De nood is hoog, al 4.000 jongeren schreven zich in voor deze vestiging.
Hoge nood én een gedegen plan, … 1 plus 1 is 2, zou je zeggen, maar niets is minder waar. Er zijn partijen in de gemeenteraad van Bloemendaal, Groen Links voorop, die telkens weer met argumenten tegen komen. Ze zetten niet alles op alles om plannen die de woningnood helpen oplossen mogelijk te maken, maar zoeken continu redenen om hun verzet te onderbouwen. Argumenten die feitelijk onjuist zijn. Daarom hieronder de feiten op een rij. De 4.000 jongeren hebben de afgelopen tijd hun stem laten horen. Voor deze jongeren is het nu of nooit. Op 17 december neemt de gemeenteraad van Bloemendaal een besluit. Krijgen jongeren perspectief of worden ze opnieuw in de (Bloemendaalse) kou gezet?

Facts first

Hieronder kun je per onderdeel bekijken welke argumenten er worden gegeven en wat nu eigenlijk de feiten zijn.
Veiligheid transformatorstation
  • De veiligheid van de toekomstige bewoners is niet in het geding. Dat blijkt uit de onderzoeken van Peutz en DNV GL en het akkoord van genoemde verantwoordelijke instanties. Bewijs voor het tegendeel is er niet.

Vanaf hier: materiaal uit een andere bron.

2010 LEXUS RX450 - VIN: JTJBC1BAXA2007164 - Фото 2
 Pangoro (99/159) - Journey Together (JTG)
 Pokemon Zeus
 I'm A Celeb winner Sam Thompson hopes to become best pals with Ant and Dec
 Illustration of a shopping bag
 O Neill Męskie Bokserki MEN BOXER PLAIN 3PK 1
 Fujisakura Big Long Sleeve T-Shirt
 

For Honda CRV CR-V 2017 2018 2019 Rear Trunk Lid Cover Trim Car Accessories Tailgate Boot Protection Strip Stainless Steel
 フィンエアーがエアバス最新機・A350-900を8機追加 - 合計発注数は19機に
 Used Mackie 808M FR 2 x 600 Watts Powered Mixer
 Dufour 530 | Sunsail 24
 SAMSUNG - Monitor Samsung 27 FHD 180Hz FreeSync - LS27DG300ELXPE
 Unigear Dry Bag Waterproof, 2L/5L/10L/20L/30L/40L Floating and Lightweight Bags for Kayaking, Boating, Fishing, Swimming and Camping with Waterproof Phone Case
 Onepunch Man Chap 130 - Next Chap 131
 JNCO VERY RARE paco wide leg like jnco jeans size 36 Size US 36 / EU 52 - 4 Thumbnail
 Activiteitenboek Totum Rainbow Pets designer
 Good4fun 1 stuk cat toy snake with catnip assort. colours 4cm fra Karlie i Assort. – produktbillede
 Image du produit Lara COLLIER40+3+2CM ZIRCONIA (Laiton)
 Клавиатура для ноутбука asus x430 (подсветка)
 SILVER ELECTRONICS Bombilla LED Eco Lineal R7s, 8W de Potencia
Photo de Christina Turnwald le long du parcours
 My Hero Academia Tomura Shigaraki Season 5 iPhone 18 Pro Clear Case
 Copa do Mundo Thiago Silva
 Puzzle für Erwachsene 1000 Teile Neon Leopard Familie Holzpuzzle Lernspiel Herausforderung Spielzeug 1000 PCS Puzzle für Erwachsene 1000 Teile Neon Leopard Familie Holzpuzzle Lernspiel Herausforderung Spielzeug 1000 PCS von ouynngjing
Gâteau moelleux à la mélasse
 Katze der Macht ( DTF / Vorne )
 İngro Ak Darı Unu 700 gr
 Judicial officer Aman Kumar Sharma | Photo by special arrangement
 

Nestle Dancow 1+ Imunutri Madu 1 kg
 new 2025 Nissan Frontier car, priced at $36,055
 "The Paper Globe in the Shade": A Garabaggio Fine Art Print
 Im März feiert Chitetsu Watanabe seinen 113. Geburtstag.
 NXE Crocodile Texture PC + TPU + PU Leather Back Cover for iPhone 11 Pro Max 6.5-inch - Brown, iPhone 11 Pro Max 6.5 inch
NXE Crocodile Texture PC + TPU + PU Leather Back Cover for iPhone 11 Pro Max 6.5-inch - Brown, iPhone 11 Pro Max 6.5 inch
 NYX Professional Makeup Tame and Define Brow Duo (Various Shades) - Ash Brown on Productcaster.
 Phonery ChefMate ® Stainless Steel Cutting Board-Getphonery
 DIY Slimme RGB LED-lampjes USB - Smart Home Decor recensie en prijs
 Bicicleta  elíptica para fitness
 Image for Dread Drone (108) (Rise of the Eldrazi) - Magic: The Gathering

  • Door een inspreker werd een aantal ongevallen bij transformatorstations genoemd. Deze transformatorstations zijn echter niet identiek aan ‘ons’ transformatorstation; het is appels met peren vergelijken. Als voorbeeld werd het transformatorstation in Langerak genoemd, waar sprake was van 30.000 liter brandende olie. Het transformatorstation aan de Westelijke Randweg is veel kleiner en er is geen sprake van een dergelijke hoeveelheid olie.
  • Hoewel Groen Links beseft dat deskundigen de situatie veilig vinden, weet zij toch beter: VNG-richtafstanden zijn er immers niets voor niets. Deze benadering staat echter haaks op de jurisprudentie en is juridische wartaal. De stelling dat er toch een kleine kans op een incident is met mogelijk grote gevolgen, is zonder nadere motivering (die geheel ontbreekt; er is geen contra-expertise) een lege huls.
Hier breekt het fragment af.